The “carrot” at the end of the stick, for homes under 5,000 square feet, is a 25 percent rebate off building permit fees for homebuilders who attain 100 points or more.
For those who are building homes more than 5,000 square feet, no additional incentives are available. Builders must meet the 100-point minimum or pay a Renewable Energy Mitigation Fee, equivalent to $1 for every square foot of the home.
Adam Palmer, the Eagle County planner who devised the codes, said the incentives for large home owners come over the course of a few years, as investments in energy-efficient technologies begin to make a return. Better insulation, better windows, programmable thermostats and the use of renewable materials can all pay off in the long run, Palmer said, because the costs of operating an energy-efficient home are lower than those of an inefficient home.
The new codes put the onus on large homeowners to go above and beyond the call of duty. Larger homes are a larger stress on the infrastructure, and therefore have a stronger obligation to minimize their impact on local utilities.
Palmer seems to have support from the Valley’s building community. Before the plan went into action, he presented it to a group of local architects, engineers, contractors and homeowners at the Slifer Designs building in Edwards.
“(Green building) can be very technical, very complex,” Palmer told the gathered audience. “It’s site-specific, and even if a homeowner goes in knowing what they’re talking about, they often get talked out of it while they’re building.
“Contractors are comfortable sticking to what they’re used to – they don’t know a new product’s reliability, the liability, or the profits,” he said. “That’s why we need a code.”
Similar building codes are springing up all over the country, particularly in California.
Aaron Revere, Director of Environmental Initiatives with the Beaver-Creek based East West Partners, is leading a notable surge in energy-efficient building in the Lake Tahoe area. East West’s Northstar Village in Tahoe is set to be the first neighborhood in the country to become entirely LEED certified (Leadership in Energy and Environmental Design).
LEED certification is similar to, but much more stringent than, Eagle County’s proposed building codes.
“It aligns with our principles (to become LEED certified),” Revere said. “Quite honestly we think that’s the way the entire real estate industry’s going, not just in Tahoe but everywhere. We feel you need to be ahead of the curve and not behind the curve.”

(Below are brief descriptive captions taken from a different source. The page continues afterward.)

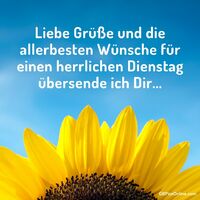 Liebe Grüße und...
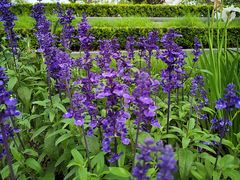 -上海山野camping·户外天幕烧烤·团建拓展营地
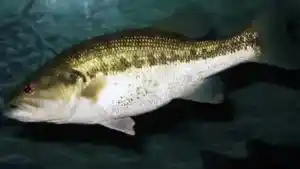 Beginners Guide to Bass Fishing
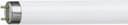 Lysman Bellight T8 Fluorescent Lamps 15W G13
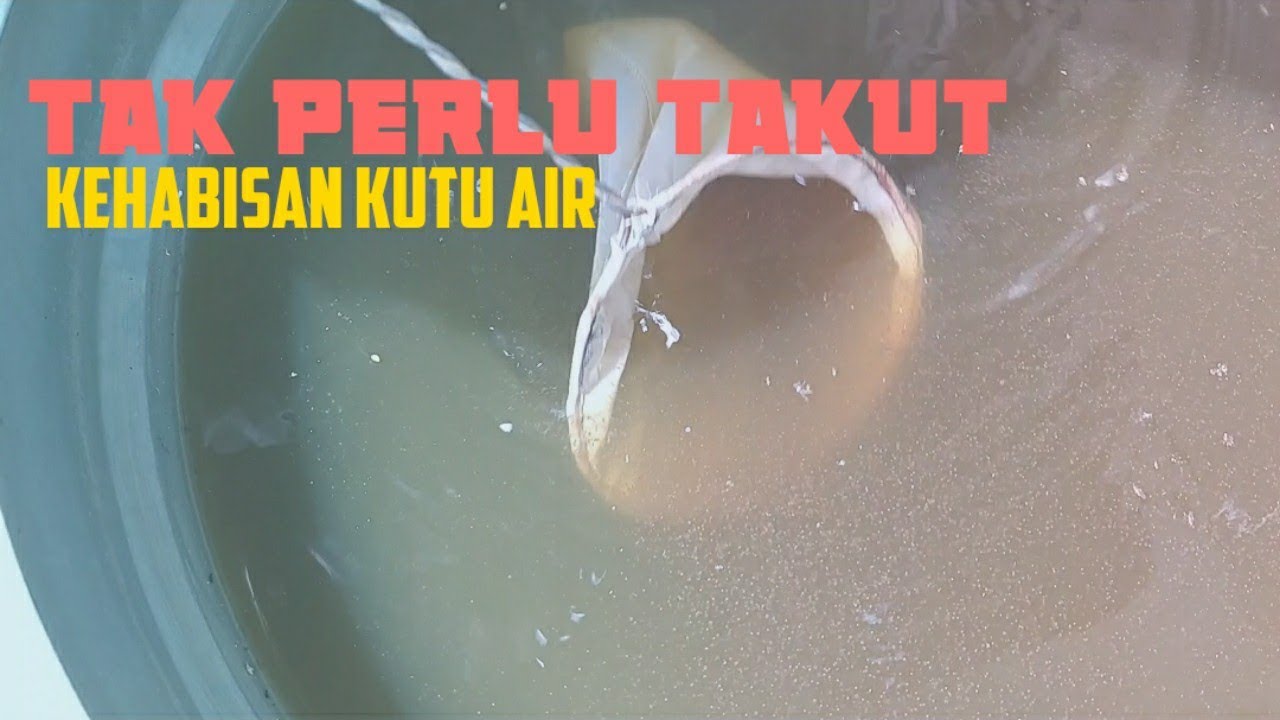 Pasti penasaran cara panen telur kutu air #budidayakutuaircerdas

Vail Resorts is also looking for LEED certification of their proposed project in Vail, called Ever Vail. As currently planned, Ever Vail will be the largest LEED-certified project for resort use in North America.
Green building has also caught on when it comes to interior design. In fact, says Jan Chenault, a high-end designer operating out of Cordillera in the Vail Valley, many of the interior design options now available are very environmentally friendly.
Much has changed, she said, in her 20-plus years as a designer.
“I think everyone is up for it, but for the most part people don’t want to sacrifice quality,” she said. “But they don’t have to. What people don’t realize is that you’re not sacrificing and you’re not always paying more at the outset.”
Chenault said her clients often choose environmentally-friendly products without even knowing it – simply because they like the way they look.
“These kinds of products simply weren’t available in the ’80s,” she said.
As an example, Chenault points to cork flooring, a durable material which looks strikingly like marble. Cork trees re-grow very quickly, and, like bamboo, are a good choice for those who are looking for interior design products which don’t strain the environment.
Here in Eagle County the trend is just catching on.